Harry and Annette Humbert found the error when they opened their bill Monday and saw their two-story home in the Kingston subdivision, off Wrightsboro Road near Grovetown, mistakenly had been assessed at more than $23 million.
“Twenty-three million is a little out of my reach,” Harry Humbert said. After his wife noted that the tax bill for that assessment – $245,723.23 – was about what they paid for the home in 2009, he called the tax office to point out the error.
Ordinarily, tax-assessment errors are fixed during the appeals period after assessments are sent to property owners, but the Humberts said they neglected to open their notice because they assumed their mortgage company would handle the bill through escrow funds.
“I wish he had appealed during the assessment period,” said Jeremy Roese, Columbia County deputy chief appraiser. “We never heard from the gentleman until he got his bill.”
The county’s Board of Assessors met Tuesday and approved the correction to the Humberts’ bill. The error occurred when a clerk in the assessor’s office incorrectly keyed in the home as sitting on 2009 acres instead of 2.09, Roese said.

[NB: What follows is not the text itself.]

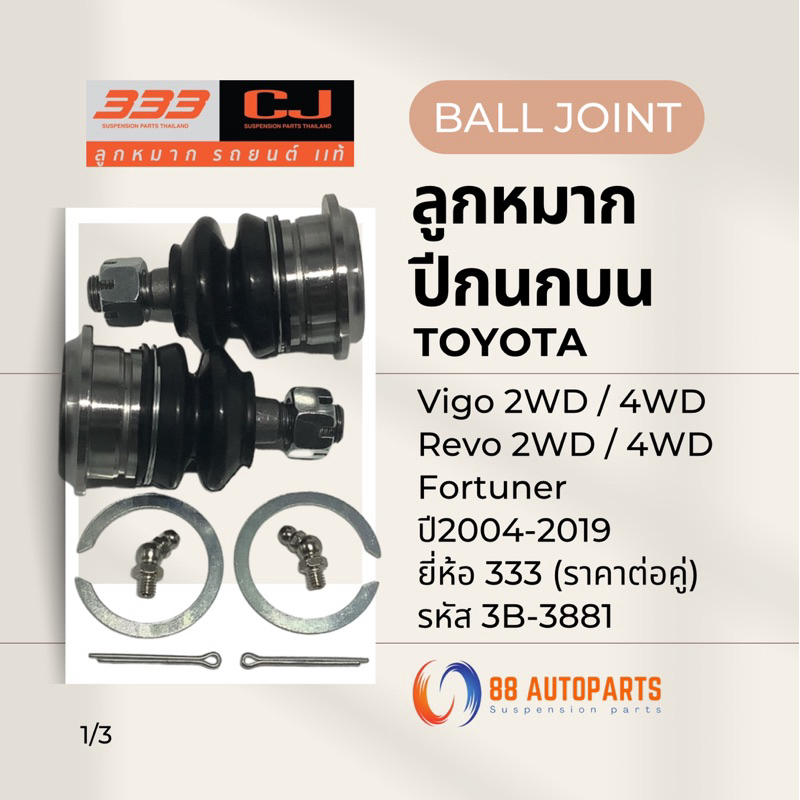 ลูกหมากปีกนกบน Toyota Vigo , Revo , Fortuner / 2WD , 4WD ปี2004-2019 ยี่ห้อ 333 รหัส 3B-3881 (ราคาต่อคู่)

Because the county’s tax digest already had been set based on the higher revenue figure, county officials had to cut that amount from the current year’s budget.
The county’s school system, on paper, is taking the biggest hit. It lost nearly $160,000 in expected revenue on its recently finalized 2012-13 budget.
The reduction came just two weeks after the county told school officials they would lose $250,000 to make up for four years of overcharges to disabled veterans.
“I’m waiting on one of these errors to go in our direction,” School Superintendent Charles Nagle told school board members Tuesday. They were accounting for the revenue reductions while making plans to fund more teachers than expected.
In addition to the loss for the school board, the corrected bill also reduced expected county tax revenues by nearly $94,000 and took $18,789 in expected revenues from fire services, said Columbia County Administrator Scott Johnson.
“We based our digest and budget on what we thought revenues and expenses would be,” Johnson said. “We’ll have to make it up in other areas.”
Roese said since the error was discovered, he’s contacted the programmer who set up their assessment system and added an additional step to help prevent such errors in the future.
“We hate that this happened,” he said. “We strive to do our best, but then we have this happen, and you’re like, ‘Ugh.’”
As for the homeowners, “We just kinda made a joke about it,” Annette Humbert said. “Bill Gates is gonna be jealous.”